- **Work required**:
Please could you give again the lines from the one holding "Building Photo - 2316 N Clark St" through the final line of the data below, exactly, with no other lines?

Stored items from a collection
====

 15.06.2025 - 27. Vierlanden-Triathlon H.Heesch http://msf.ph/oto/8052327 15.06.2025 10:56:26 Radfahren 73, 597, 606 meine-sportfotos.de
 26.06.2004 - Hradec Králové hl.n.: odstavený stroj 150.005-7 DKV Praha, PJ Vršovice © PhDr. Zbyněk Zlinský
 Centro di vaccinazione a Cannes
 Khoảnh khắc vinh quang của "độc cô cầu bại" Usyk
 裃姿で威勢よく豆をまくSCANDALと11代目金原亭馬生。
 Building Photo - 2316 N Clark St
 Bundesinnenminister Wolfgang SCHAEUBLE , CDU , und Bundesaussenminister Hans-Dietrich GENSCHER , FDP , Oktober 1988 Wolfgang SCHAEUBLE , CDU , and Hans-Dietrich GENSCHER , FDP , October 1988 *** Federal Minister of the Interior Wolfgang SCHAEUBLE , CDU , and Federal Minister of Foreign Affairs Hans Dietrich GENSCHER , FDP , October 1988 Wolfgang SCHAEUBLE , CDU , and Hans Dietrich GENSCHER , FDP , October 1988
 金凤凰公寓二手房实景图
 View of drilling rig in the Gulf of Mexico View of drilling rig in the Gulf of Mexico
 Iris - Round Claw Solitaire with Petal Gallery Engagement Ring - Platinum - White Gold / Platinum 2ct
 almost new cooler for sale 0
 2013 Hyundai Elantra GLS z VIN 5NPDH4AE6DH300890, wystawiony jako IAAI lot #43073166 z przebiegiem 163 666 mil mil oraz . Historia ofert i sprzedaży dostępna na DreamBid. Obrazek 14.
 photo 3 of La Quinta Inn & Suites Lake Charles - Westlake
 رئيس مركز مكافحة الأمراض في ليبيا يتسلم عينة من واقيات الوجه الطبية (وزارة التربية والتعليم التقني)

====

- **Solution below**:
 Building Photo - 2316 N Clark St
 Bundesinnenminister Wolfgang SCHAEUBLE , CDU , und Bundesaussenminister Hans-Dietrich GENSCHER , FDP , Oktober 1988 Wolfgang SCHAEUBLE , CDU , and Hans-Dietrich GENSCHER , FDP , October 1988 *** Federal Minister of the Interior Wolfgang SCHAEUBLE , CDU , and Federal Minister of Foreign Affairs Hans Dietrich GENSCHER , FDP , October 1988 Wolfgang SCHAEUBLE , CDU , and Hans Dietrich GENSCHER , FDP , October 1988
 金凤凰公寓二手房实景图
 View of drilling rig in the Gulf of Mexico View of drilling rig in the Gulf of Mexico
 Iris - Round Claw Solitaire with Petal Gallery Engagement Ring - Platinum - White Gold / Platinum 2ct
 almost new cooler for sale 0
 2013 Hyundai Elantra GLS z VIN 5NPDH4AE6DH300890, wystawiony jako IAAI lot #43073166 z przebiegiem 163 666 mil mil oraz . Historia ofert i sprzedaży dostępna na DreamBid. Obrazek 14.
 photo 3 of La Quinta Inn & Suites Lake Charles - Westlake
 رئيس مركز مكافحة الأمراض في ليبيا يتسلم عينة من واقيات الوجه الطبية (وزارة التربية والتعليم التقني)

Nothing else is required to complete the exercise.